Yes, the Browns are suddenly loaded with talented personnel. Sure, the outlook in the AFC North suggests they should be the favorites to win the division, something the franchise has never done in its second Cleveland stint that began in 1999. They have a budding star at the game’s most important position on an affordable rookie contract.
Then one remembers Kitchens is a rookie head coach, something that comes with unique challenges independent of the level of talent on the roster.
“You have to deal with maybe 400 (people), not just the 53 in the room,” Arians said of Kitchens’ new role. “Used to be the quarterback coach, which is three guys. Then the coordinator. Now it’s the entire organization.”
Added Reich: “There’s a lot to take in.”
Reich, of course, is coming off his rookie coaching season, a year in which he led the Colts to the divisional round of the AFC playoffs. Reich and Kitchens crossed paths back in 2012, when the former was the Cardinals’ receivers coach and the latter was their tight ends coach.

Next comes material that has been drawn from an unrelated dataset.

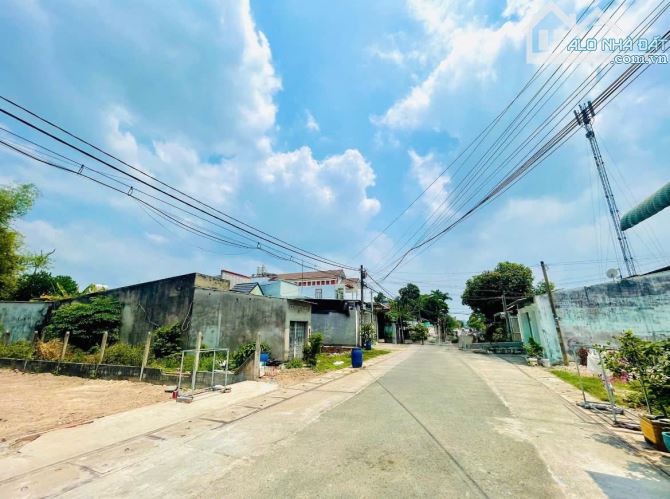 Lô đất đẹp mặt tiền đường Giồng Cát, gần Chợ Giồng Cát, Tân Phú Trung, 132m2 thổ cư- shr - 2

SN asked Reich about the challenges he faced as a first-year head coach in 2018, and what Kitchens can expect this year in Cleveland.
“The key is don’t try to do it all yourself,” Reich said. “You got good people around you. Rely on those good people. Knowing Freddie, that’s exactly what he’ll do.”
We presented the same question to the Chargers’ Anthony Lynn, who also is coming off his rookie coaching season. His answer was similar.
“I surrounded myself with good coaches, a good staff, good players,” Lynn said. “It’s all difficult. You can prepare for it all you want, but until you go through it, it’s a learning process. You’re always evolving.”
On the subject of those who are surrounding Kitchens, it’s worth noting that he is not alone in having to make adjustments. He brought in ex-Arizona head coach Steve Wilks to coordinate the Browns’ defense, and he hired former Tampa Bay offensive coordinator Todd Monken for the same role in Cleveland. Of the 26 men on his coaching staff, 16 are new to the Browns in 2019.
But, again, Kitchens is not bothered by any of this.
Perhaps the best moment of Kitchens’ media session Tuesday was his answer to a question regarding Beckham. The two have not yet met in person, so Kitchens was asked about what he plans to say to the receiver when they stand together for the first time as Browns. His answer went viral.
It also perfectly epitomized him.
“Umm, ‘I love you?’ Give him a hug,” Kitchens said. “Show me how to catch the ball with one hand.”
Loose. Personable. A jokester. And then, the obligatory seriousness.
“I mean, just introduce myself and get rolling on getting to know him as a person.”